GIVEN DATA
= Beginning of Section =

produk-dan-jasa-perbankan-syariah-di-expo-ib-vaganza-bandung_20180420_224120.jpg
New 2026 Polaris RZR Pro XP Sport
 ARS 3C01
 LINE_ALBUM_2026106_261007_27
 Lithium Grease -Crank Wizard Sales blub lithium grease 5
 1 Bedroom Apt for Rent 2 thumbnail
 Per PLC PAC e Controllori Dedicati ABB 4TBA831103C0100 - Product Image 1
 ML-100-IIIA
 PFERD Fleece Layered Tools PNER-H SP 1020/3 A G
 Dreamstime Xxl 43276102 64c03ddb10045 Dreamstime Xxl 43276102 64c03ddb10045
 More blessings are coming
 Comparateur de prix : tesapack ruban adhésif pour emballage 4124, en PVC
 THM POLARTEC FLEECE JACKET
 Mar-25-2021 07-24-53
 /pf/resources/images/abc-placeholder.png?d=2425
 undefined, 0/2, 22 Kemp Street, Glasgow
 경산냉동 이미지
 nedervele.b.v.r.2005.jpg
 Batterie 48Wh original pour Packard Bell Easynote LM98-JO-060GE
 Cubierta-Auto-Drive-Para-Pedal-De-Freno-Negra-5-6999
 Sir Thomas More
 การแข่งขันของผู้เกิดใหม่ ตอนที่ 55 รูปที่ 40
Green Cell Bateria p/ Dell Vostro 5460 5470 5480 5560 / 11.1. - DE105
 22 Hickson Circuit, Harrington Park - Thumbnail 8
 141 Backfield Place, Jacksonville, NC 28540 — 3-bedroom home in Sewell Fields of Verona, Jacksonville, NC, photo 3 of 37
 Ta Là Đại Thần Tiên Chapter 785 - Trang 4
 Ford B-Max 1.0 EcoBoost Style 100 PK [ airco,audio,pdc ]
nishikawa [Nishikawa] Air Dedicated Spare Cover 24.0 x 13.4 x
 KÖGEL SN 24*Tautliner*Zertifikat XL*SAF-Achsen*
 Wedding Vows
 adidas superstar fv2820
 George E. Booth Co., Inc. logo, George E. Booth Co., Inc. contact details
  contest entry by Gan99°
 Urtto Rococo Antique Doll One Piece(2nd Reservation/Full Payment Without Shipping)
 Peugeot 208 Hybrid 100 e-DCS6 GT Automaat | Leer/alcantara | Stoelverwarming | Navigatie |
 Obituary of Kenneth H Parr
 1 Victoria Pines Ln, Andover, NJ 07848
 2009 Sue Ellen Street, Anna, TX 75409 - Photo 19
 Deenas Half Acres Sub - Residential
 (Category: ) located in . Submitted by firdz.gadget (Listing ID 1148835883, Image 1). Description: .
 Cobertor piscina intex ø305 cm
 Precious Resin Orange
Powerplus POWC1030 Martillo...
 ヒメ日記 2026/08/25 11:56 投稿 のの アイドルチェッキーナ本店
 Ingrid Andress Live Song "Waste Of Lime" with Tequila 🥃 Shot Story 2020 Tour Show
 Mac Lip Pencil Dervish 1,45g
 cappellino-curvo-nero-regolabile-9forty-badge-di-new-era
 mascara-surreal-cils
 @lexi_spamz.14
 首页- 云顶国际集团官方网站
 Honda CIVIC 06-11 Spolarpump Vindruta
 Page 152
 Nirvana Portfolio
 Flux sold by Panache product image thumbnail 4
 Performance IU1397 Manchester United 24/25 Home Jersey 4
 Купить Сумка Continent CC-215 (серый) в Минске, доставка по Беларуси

= End of Section =

ASSIGNMENT
For each line of the material that includes the word "pour", make a copy.

OUTPUT FOR THIS TASK
 Comparateur de prix : tesapack ruban adhésif pour emballage 4124, en PVC
 Batterie 48Wh original pour Packard Bell Easynote LM98-JO-060GE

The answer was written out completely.